We’re here, we’re alive, we’re excited AND we’re down on the ground, tending, sometimes taxed, and day-to-daying too. If you’re like me (the most introvertive extrovert any of you know), you couldn’t be more pleased about the sunshine and you might also be secretly dreading that dinner party or missing those quiet evenings of journaling and reflection. What a conundrum.
No fear! We get to be both. We can be excited and expansive and abundant and also take care of ourselves. It just takes a little bit of adulting - not the 9-5 job adulting but the I-am-40-years-old-and-actually-this-is-my-life variety. We can be choicy and deliberate and work with this quickly rising May energy to do and make and be and grow whatever we want. We can listen to ourselves and be cognizant of when we need to take a break or move or drink some water. And we can leverage the dreaded NO.
I’ve heard this a million times before and still felt anxiety or the need to lie and make something up every time I was confronted with the need to say no. Of course, more self-Love was a game-changer and part of that journey included more focus on my yesses. My desires and wants are legit, gifted by the Universe, and really important to the thread of humanity. Sounds epic but I believe it now. If I hold my yesses that way, it leaves little room for stuff I don’t want to do. Think about it. “Guys, I can’t do the thing because I’m planning something cool for my new business! Or I’m doing this new meditation I found ! Or <insert other really fun, really exciting thing, requiring an exclamation point at the end of the sentence, HERE>!

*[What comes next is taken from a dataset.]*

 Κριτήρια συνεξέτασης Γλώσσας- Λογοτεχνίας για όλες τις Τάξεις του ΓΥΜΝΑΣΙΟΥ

It’s exponentially easier to say no when you’re excited about something else. So, what do you want? Who do you want to be? What do you want to create? Let’s be like the ants and get some stuff done, well, maybe with a little grasshopper fun too! Check out the quotes below that are certainly part of larger works but also capture May’s unique essence and energy, and also some things I would definitely say yes to. Enjoy!
Bee by Boris Smokrovic
“Come to the orchard in Spring. There is light and wine, and sweethearts in the pomegranate flowers.”
“She was stretched on her back beneath the pear tree soaking in the alto chant of the visiting bees, the gold of the sun and the panting breath of the breeze when the inaudible voice of it all came to her. She saw a dust-bearing bee sink into the sanctum of a bloom; the thousand sister-calyxes arch to meet the love embrace and the ecstatic shiver of the tree from root to tiniest branch creaming in every blossom and frothing with delight. So this was a marriage! ”
“To see a World in a grain of sand
And a Heaven in a wild flower,
Hold Infinity in the palm of your hand
And Eternity in an hour. ”
“And the secret garden bloomed and bloomed and every morning revealed new miracles.”
“Earth laughs in flowers.”
“Nobody sees a flower - really - it is so small it takes time - we haven’t time - and to see takes time, like to have a friend takes time.”
“It’s a spring fever. That is what the name of it is. And when you’ve got it, you want to—oh, you don’t quite know what it is you do want, but it just fairly makes your heart ache, you want it so!”